Okinawa Prefecture (Japanese 沖縄県; Okinawan Uchinā) is Japan's southernmost prefecture, and consists of 169 islands known as The Ryūkyū Islands or Ryūkyūs, in an island chain over 1000 km long, which extends southwest from Kyūshū (the southwesternmost of Japan's main four islands) to Taiwan, although the northern islands in the chain are part of Kagoshima Prefecture. Okinawa's capital, Naha, is located in the southern part of the largest and most populous island, Okinawa Honto, which is approximately half-way between Kyūshū and Taiwan. The disputed Senkaku Islands are also administered as part of Okinawa Prefecture.
The islands that now make up Okinawa Prefecture were formerly not part of Japan, but part of an independent nation called the Ryūkyū Kingdom.
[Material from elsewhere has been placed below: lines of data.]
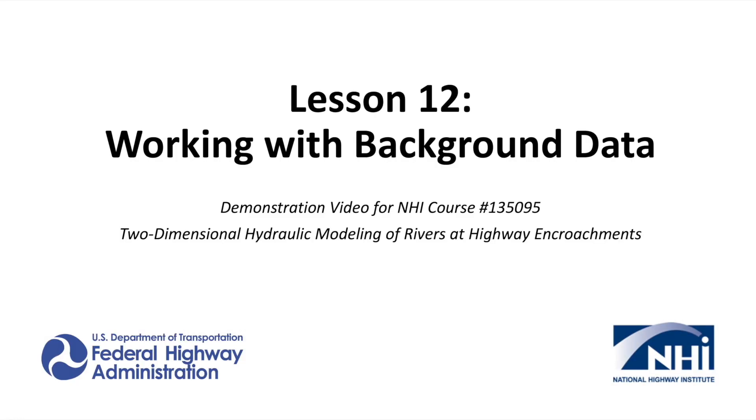In this video, we will demonstrate the steps to import data from different elevation sources and merge them into a single elevation data set.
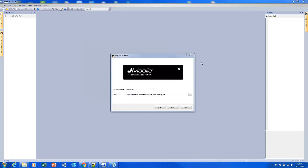I have J-Mobile Studio opened here. To create your first project, you can click File > New or click the new icon up here and you'll get this dialog. This first module is just about setting up your project, setting up protocols and tags, and getting access to the HMI.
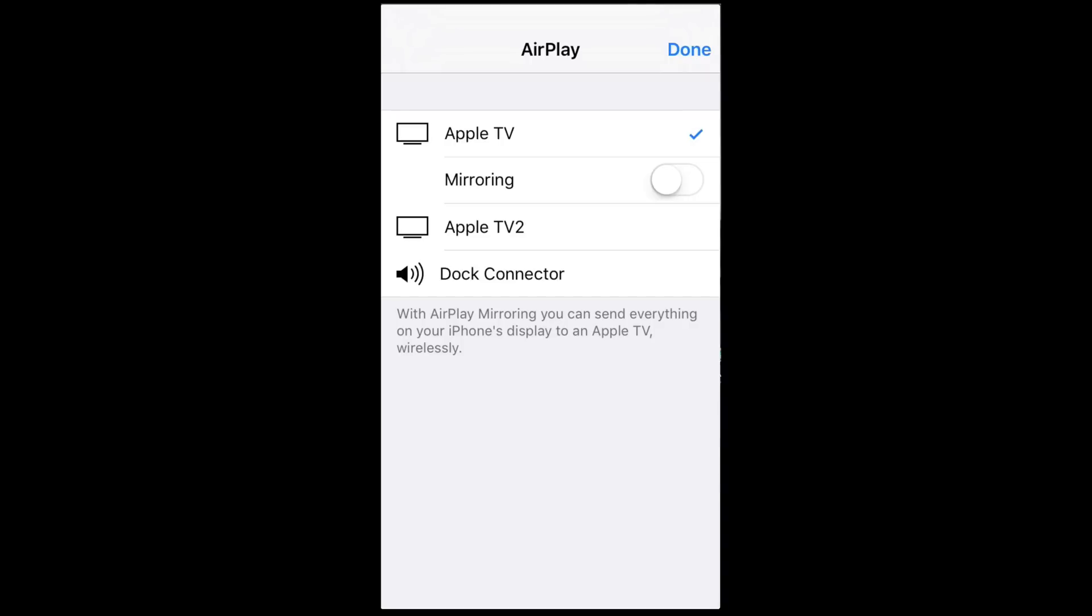And once I turn that on, I will see exactly what you guys are looking at on my phone right now. What you guys are looking at on my screen right now, that's exactly what you will see on your Apple TV. So pretty much your iPhone, once you mirror, that's what you see.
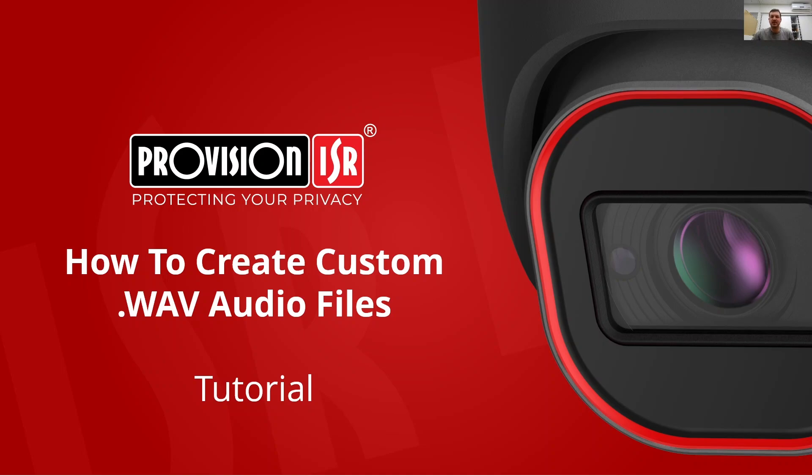Hi everyone, my name is Ari Triga and I work in the pre-sales department at ProVision ISR. Welcome to this tutorial on creating custom audio files.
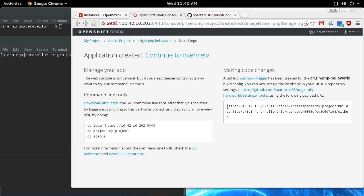You can install this webhook in your GitHub repository, and then whenever you push to your GitHub repository, it will automatically rebuild your application in OpenShift and do a rolling deployment of the new version. I'm going to show how you can do that.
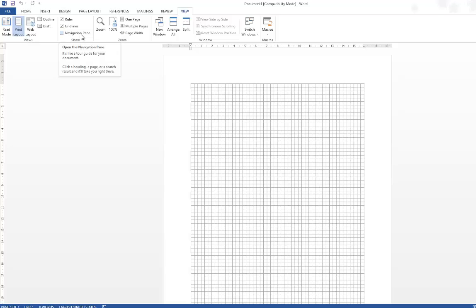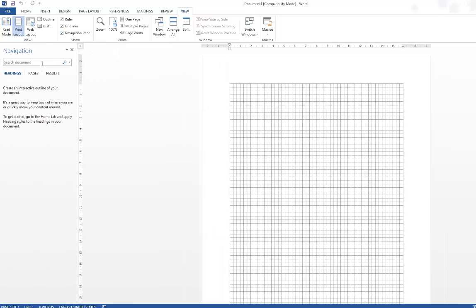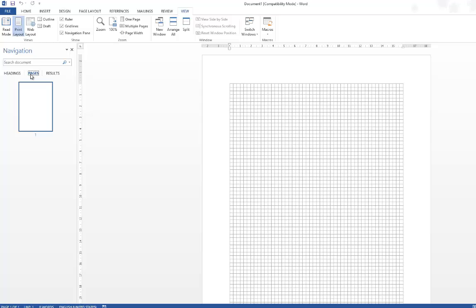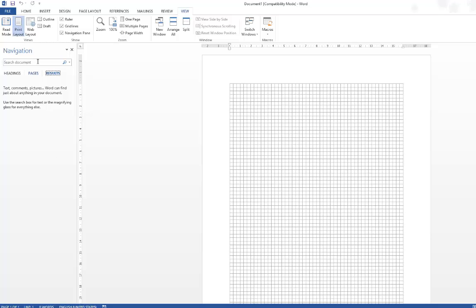The third option is the navigation pane. This is quite useful when you want to quickly navigate to a particular headline or page, or even for any text or comment. You can search based on headings or pages, and the result section would display the search results. Thank you.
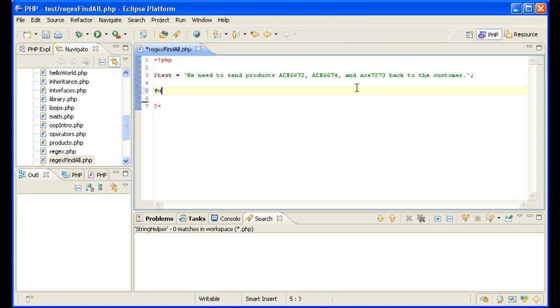I'm going to make a little function called getPartsWithRegex, send it the text and the regular expression.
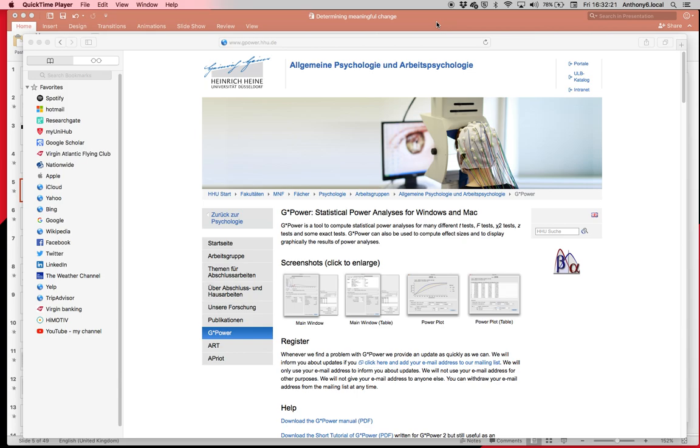In this video we'll look at how to use G*Power, which is a free bit of statistical software available from this website. It's something that we should use before we start our research projects because it gives us an indication of how many participants we need to recruit to ensure we get good statistical power.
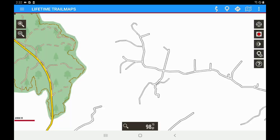This is Chris at Lifetime Trail Maps and in this video I'm going to show you how to rename a route that you have created.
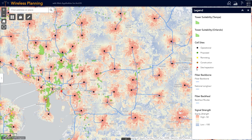On the map, I have access to existing cell site locations as well as their current build out status, existing fiber infrastructure and other network facilities, current coverage and spectrum info, as well as areas that we have analyzed and deemed suitable for new towers or small cell locations.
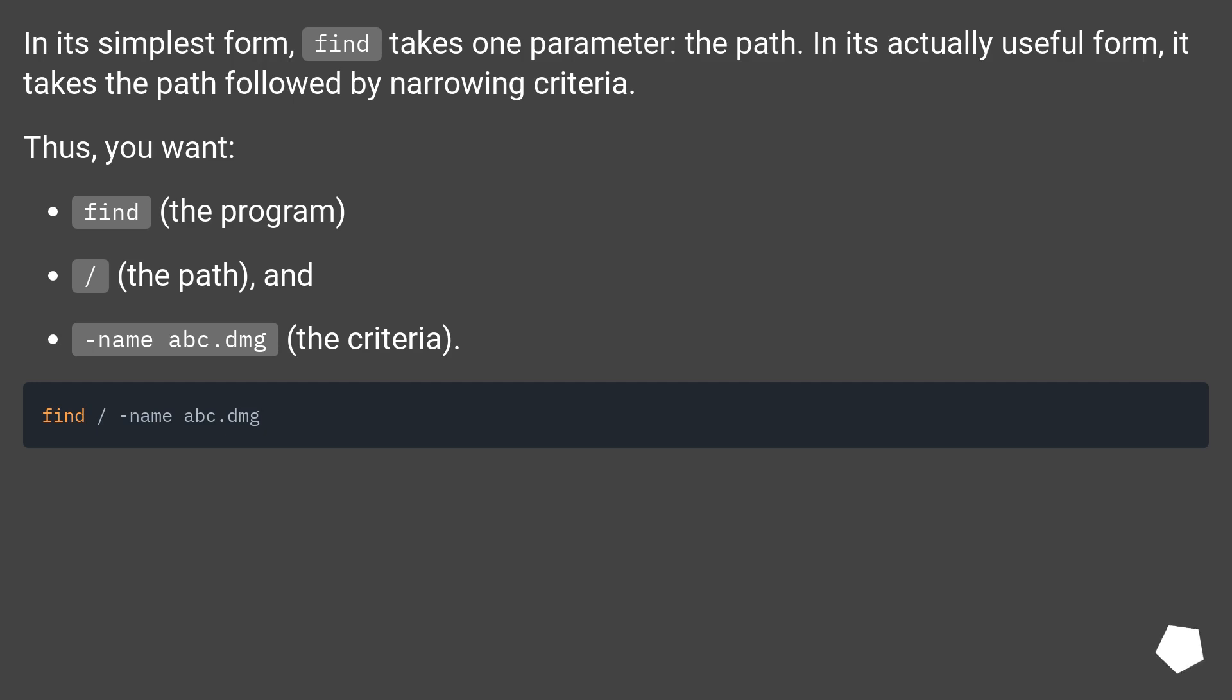find (the program), slash (the path), and -name abc.dmg (the criteria).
Okinawa's location in the East China Sea, and relatively close proximity to China, Japan, Taiwan, and the Philippines allowed the Ryūkyū Kingdom to become a prosperous trading nation. The many castle ruins that dot the island date from this period. However, in 1609 the Japanese Satsuma clan, who controlled the region that is now Kagoshima Prefecture, invaded. Following this invasion, although the Ryūkyū Kingdom remained nominally independent, it was effectively under the control of the Satsuma. In 1879, following the Meiji restoration, the Ryūkyū Kingdom was abolished and became Okinawa Prefecture.
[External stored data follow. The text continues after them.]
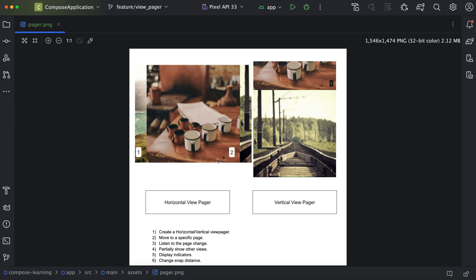ViewPager can be of two types: either it will be horizontally scrollable or vertically scrollable.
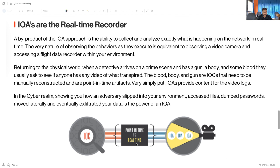Returning to the physical world: when a detective arrives at a crime scene and finds a gun, a body, and some blood, they ask if anyone has video of what transpired. The blood, the body, and the gun are IOC — Indicator of Compromise — point-in-time artifacts that need to be manually reconstructed. IOA provides context like the video logs. In the cyber realm, IOA shows how an adversary slipped into your environment, accessed files, dumped passwords, moved laterally, and eventually exfiltrated your data.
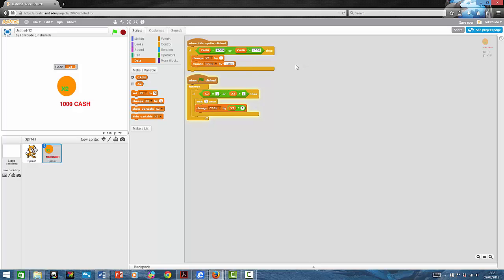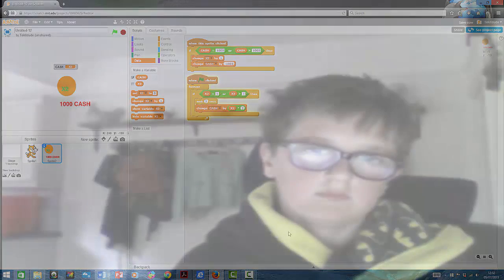I'll just show you one more time. So here it is. I do hope you enjoyed this quick tutorial on Scratch. See you next time.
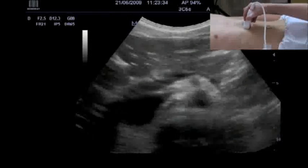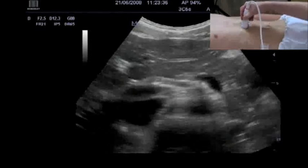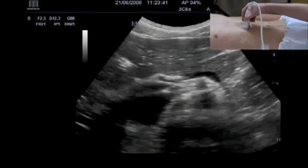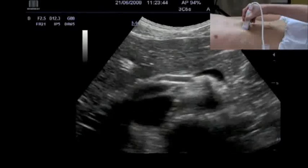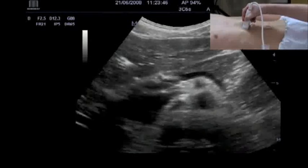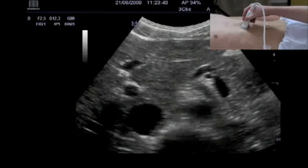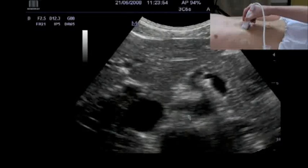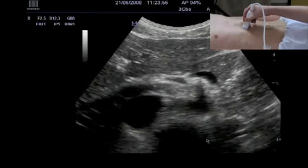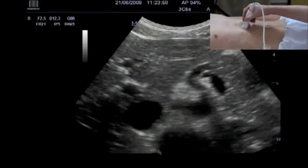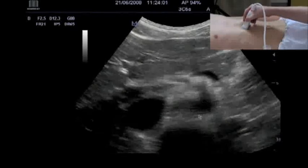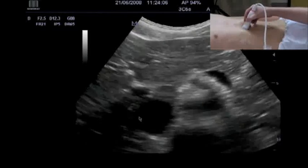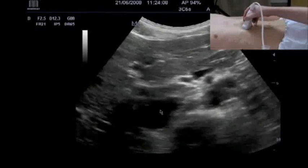Let me move to the transverse plane, transverse section. Here the right of the patient is on the left of the image. We look first for the different vessels and structures that we can recognize. What do we recognize from dorsally? Here is the spine, then we see here the aorta, and to the right the inferior caval vein.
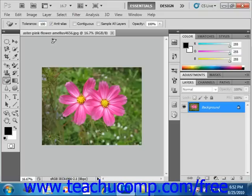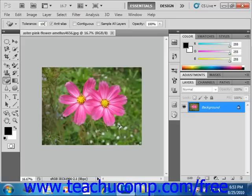The Tolerance text box defines the range of colors similar to the one that you will select to remove. A low tolerance erases only pixels with a color very similar to the one that you select. A higher tolerance will erase pixels with a broader range of color similarity. We're going to erase this background — everything outside of these flowers — so we'll leave that set at 100 because we want most of that green removed.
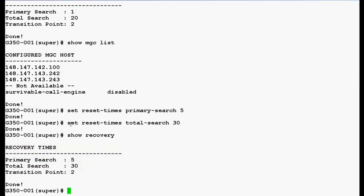So, this is how we can configure search timers in the Media Gateway G350.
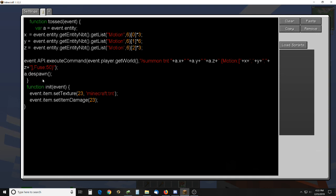And then I despawn, actually, the entity, the dropped item. And that's it. It just flies away and explodes.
Following the end of World War II and the Battle of Okinawa in 1945, for 27 years Okinawa was under US administration. During this time, Okinawa's currency was the US dollar, and the US military established numerous bases on Okinawa Honto and elsewhere.
On May 15, 1972, Okinawa once again became part of Japan, although to this day the US maintains a large military presence there: more than 50,000 US military personnel and dependents, including 17,600 Marines, are still based there. While they provide a source of revenue for the island's 1.3 million residents they are also a source of considerable tension.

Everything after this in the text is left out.